The Group of 20 includes China, India and Brazil – countries with which Canada is keen to expand economic ties.
Mr. Carr’s spokesman says the minister will attend an event in his home province of Manitoba on Friday and that Canada will be represented at the G20 meeting by Canada’s deputy minister for international trade.
Mr. Carr will be in Winnipeg to announce the start of repairs of the railway line that runs to Churchill, Man. Sections of the track were washed out during a May, 2017, flood that wiped out the only land link to the town on Hudson Bay.
Mr. Carr’s absence from Friday’s G20 gathering does not diminish Canada’s commitment to the group or the international trading system, spokesman Joe Pickerill said.
"We absolutely believe in the rules-based system, the international trading order on which we’ve depended for our prosperity for decades,” Mr. Pickerill said.
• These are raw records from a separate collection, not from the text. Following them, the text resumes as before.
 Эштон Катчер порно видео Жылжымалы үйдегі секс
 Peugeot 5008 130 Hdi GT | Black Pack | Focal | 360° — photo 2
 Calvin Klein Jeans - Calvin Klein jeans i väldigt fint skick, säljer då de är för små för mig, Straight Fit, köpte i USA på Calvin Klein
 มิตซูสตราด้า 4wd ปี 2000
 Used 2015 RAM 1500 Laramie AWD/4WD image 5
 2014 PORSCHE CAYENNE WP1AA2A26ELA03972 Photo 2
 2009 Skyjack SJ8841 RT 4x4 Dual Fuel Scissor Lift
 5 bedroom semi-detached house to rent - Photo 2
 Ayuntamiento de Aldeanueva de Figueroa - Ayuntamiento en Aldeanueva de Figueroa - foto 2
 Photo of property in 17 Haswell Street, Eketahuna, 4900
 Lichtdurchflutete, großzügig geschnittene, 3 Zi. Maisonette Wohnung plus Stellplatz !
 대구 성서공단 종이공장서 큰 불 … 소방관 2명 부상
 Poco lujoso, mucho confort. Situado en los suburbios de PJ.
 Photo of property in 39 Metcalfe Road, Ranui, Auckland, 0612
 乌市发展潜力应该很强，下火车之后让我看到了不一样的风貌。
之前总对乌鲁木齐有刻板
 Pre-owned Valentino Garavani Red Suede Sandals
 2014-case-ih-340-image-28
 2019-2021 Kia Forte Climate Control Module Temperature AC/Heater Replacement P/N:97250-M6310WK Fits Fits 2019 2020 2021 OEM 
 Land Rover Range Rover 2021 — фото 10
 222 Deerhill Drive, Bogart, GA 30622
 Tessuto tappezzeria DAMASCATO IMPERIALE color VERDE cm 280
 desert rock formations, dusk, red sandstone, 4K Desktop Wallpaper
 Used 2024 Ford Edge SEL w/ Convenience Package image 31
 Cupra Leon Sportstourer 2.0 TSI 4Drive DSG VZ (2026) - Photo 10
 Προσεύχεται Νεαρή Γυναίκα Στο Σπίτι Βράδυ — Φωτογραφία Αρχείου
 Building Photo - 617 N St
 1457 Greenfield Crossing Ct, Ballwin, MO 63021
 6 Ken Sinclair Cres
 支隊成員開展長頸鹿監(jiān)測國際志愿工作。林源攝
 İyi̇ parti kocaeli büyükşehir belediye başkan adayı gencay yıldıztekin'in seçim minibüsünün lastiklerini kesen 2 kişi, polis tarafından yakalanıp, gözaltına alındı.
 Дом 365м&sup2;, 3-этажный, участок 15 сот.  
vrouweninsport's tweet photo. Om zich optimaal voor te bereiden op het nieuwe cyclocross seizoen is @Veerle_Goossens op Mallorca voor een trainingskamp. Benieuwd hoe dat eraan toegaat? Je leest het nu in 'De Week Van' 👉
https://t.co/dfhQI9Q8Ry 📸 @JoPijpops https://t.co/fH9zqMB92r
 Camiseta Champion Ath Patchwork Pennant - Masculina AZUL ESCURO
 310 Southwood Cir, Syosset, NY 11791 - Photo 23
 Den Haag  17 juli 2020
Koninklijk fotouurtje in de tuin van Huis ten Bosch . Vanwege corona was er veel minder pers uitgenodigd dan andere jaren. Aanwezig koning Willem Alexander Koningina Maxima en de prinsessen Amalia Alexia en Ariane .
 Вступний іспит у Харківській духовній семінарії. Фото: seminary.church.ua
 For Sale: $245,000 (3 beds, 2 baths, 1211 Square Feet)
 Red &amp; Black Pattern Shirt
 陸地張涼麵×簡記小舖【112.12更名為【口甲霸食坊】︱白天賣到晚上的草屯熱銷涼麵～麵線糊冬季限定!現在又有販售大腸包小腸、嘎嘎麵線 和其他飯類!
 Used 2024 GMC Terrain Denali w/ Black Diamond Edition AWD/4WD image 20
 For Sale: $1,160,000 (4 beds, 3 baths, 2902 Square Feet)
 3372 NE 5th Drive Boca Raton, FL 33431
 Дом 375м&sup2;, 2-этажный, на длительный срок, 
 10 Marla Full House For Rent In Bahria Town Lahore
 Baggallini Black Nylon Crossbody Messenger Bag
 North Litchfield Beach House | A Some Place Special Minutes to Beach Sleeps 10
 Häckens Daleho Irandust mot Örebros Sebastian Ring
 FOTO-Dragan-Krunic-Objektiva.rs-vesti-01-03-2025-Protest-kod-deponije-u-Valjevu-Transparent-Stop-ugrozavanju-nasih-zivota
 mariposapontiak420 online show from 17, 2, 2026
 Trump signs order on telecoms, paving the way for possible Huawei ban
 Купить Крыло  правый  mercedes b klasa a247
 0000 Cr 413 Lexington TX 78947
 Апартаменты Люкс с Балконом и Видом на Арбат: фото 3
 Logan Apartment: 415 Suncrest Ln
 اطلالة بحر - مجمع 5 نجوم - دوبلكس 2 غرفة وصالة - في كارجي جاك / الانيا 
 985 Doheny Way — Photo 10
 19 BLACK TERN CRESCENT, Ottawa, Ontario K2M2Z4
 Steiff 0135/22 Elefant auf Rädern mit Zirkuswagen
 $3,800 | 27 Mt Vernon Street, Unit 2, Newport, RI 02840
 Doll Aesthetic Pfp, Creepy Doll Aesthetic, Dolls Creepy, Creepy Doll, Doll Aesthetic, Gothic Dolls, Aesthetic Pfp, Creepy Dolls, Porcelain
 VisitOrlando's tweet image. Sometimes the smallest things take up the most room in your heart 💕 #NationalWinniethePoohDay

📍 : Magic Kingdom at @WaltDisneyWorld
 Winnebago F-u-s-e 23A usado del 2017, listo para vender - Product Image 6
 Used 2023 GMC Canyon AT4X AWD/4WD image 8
He pointed to the fact Mr. Carr will host a small group of trade ministers, many of whom are G20 members, next month in Ottawa to discuss much needed reforms to the World Trade Organization.
The agenda is still being crafted, but government officials said ministers from Australia, Brazil, Chile, Japan, Kenya, South Korea, Mexico, New Zealand, Norway, Singapore, Switzerland and the European Union have been invited.
Robert Lighthizer, the U.S. Trade Representative, will also be absent from the gathering of G20 trade ministers on Friday.
That has fuelled speculation that Mr. Lighthizer might be holding his schedule open for a return visit to Washington by Foreign Affairs Minister Chrystia Freeland, his political counterpart in the continuing renegotiation of the North American free-trade agreement.
Canadian and U.S. negotiators continued their talks on Thursday after Ms. Freeland’s latest visit to Washington on Tuesday.
Ms. Freeland briefed Prime Minister Justin Trudeau on the state of the NAFTA talks at the Liberal caucus retreat in Saskatoon on Wednesday.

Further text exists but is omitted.